ACTIVITY: Pull each line containing "wearing" out of the data and copy it.
Start of AVAILABLE RECORDS
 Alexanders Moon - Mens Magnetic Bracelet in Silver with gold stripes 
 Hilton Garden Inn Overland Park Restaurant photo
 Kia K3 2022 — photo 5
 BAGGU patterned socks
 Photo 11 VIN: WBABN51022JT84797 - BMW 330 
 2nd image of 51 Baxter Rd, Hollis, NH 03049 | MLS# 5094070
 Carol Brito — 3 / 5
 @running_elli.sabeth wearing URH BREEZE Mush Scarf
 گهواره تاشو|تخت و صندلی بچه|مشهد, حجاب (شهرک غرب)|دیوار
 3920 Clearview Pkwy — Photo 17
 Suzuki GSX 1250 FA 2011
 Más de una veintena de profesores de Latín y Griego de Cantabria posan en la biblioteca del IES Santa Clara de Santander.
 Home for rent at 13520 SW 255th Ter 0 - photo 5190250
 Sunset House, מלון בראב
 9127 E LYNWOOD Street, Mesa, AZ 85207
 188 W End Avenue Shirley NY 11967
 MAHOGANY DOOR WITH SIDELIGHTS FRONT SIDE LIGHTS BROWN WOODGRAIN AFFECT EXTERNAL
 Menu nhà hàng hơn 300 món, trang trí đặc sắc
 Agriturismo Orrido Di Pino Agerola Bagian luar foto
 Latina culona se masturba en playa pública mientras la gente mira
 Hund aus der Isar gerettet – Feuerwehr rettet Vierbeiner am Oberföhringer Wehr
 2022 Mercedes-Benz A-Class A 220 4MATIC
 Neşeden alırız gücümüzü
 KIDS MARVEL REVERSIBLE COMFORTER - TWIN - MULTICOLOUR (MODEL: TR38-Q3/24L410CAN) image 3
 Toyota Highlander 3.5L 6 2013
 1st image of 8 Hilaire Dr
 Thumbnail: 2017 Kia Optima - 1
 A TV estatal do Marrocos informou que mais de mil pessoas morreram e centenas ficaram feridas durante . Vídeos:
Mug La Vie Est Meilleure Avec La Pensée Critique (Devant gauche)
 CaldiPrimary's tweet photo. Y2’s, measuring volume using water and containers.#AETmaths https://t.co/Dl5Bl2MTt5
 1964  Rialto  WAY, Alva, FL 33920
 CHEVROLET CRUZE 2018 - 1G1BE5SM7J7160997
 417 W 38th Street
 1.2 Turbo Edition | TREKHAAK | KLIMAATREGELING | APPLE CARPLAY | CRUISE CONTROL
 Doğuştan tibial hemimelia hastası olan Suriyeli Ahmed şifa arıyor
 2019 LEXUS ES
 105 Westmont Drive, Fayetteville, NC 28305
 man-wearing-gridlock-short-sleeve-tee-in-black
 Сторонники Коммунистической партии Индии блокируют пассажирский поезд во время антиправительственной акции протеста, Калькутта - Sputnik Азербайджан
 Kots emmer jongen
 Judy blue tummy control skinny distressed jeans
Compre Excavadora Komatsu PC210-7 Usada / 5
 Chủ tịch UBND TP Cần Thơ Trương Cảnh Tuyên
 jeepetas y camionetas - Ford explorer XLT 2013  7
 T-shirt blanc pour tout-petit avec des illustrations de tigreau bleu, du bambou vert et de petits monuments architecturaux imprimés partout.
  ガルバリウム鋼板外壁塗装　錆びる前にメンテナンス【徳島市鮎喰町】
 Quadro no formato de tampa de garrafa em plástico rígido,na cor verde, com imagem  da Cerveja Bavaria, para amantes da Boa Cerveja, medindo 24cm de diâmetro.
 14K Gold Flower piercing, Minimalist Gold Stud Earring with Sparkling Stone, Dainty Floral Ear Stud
End of AVAILABLE RECORDS
EXPECTED ANSWER:
 @running_elli.sabeth wearing URH BREEZE Mush Scarf
 man-wearing-gridlock-short-sleeve-tee-in-black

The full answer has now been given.